Reflections - Hello Kitty and Noh Theater Mask
The symbol of “kawaii” aesthetic, Hello Kitty, a white cat born in 1974, is ending her career.
In Search of Adorable, as Hello Kitty Gets Closer to Goodbye
The sales of hello kitty goods reached $5 billion per year. The year 2002 was the zenith of her popularity, and has never recovered. Many of my friends in NY had Hello Kitty goods, and I have been interested in why she could gain such popularity in the global market.
One of the unique characteristics of Hello Kitty is the non-existence of mouth. (It made Sanrio difficult to make her into TV animation, one of the main source of the company's revenue.) Probably this characteristic of her is related to Hello Kitty's global popularity.
Since there is no mouth, Hello Kitty does not smile, laugh nor cry. The way of the interpretation of the doll is all depends on the viewers. When the viewer is depressed, the face of Hello Kitty might seems sad, or even cheerful. When the viewer feel happy, the facial expression of Hello Kitty may seems different.
In other word, by eliminating the mouth and facial expression, Hello Kitty invokes multitude of personalities by reflecting of viewer's inner self, from a singular source.
I find this formation similar to Japanese traditional Noh theater mask.

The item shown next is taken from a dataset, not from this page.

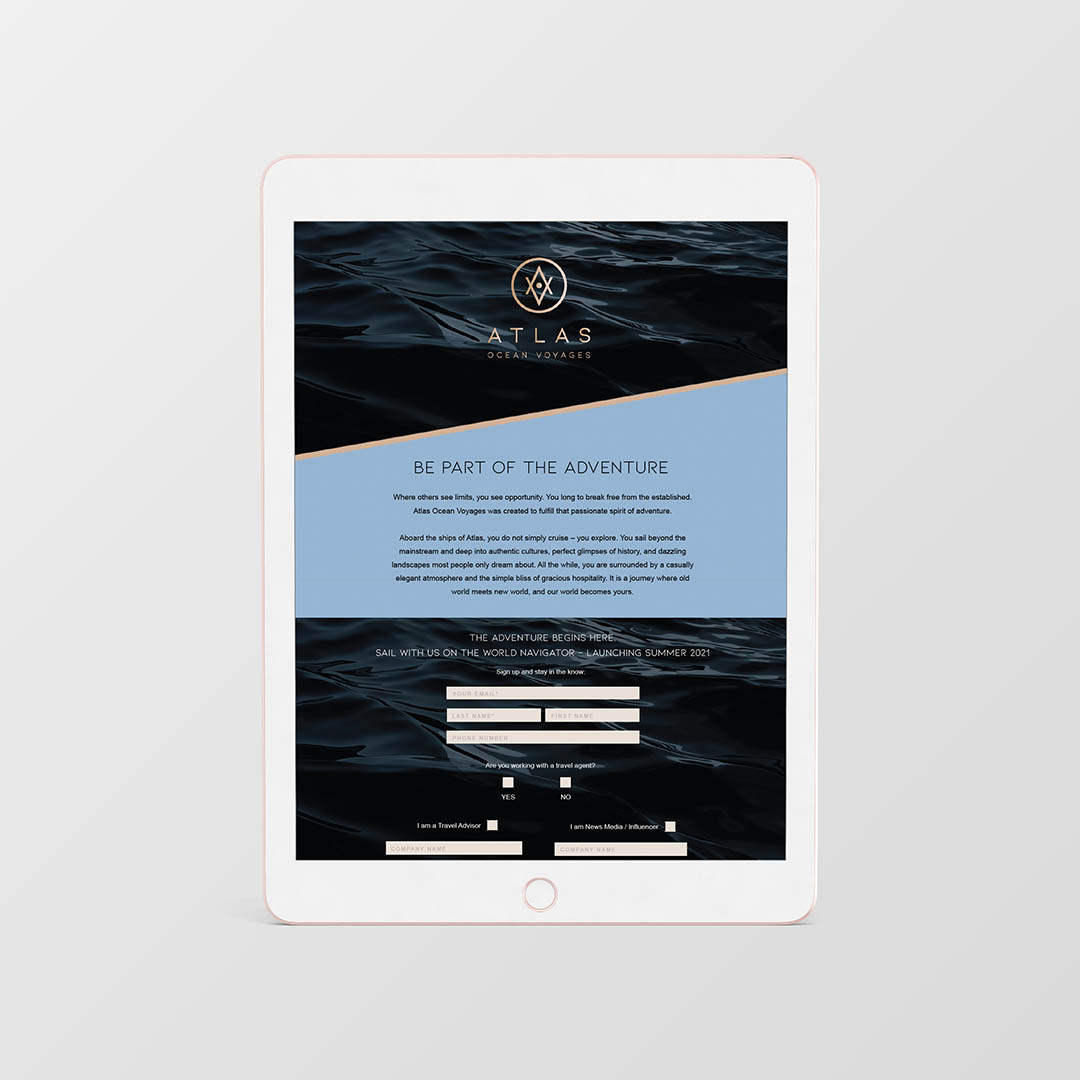 I Dream Design Group - Atlas Ocean Voyages Cruise Line - Client Work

The Noh mask is worn by the main actor, called “Site,” who expresses the features of gods and souls of the dead with magnificent naturalism. Noh mask itself does not contain any facial expression, but the actor expresses joy, by tilting the mask upwards (terasu = shine), and expresses sorrow, by drawn downwards, (kumorasu = cloudy). The slightest movements from side to side project a bewitching effect (furu = swing). Furthermore, the Noh masks themselves are smaller than the face of the actor, and delineating a boundary that traces the pretenses of reality (= nothingness).
I think these are all related to the historical structure of Japanese society. Since Japan did not create its own history of monotheism but maintained strong influence of animism, the idea of “subject”, or “self” could not be identified till the Meiji Restoration. Switching the “subject” or the “self” became possible in both Japanese language structure and social communication in many different ways, which is the uniqueness of Japanese modernity.
Hello Kitty is remarkably "Japanese" character. Let’s say “goodbye” to the kitty, and let’s say “Hello” to the world, by our own way.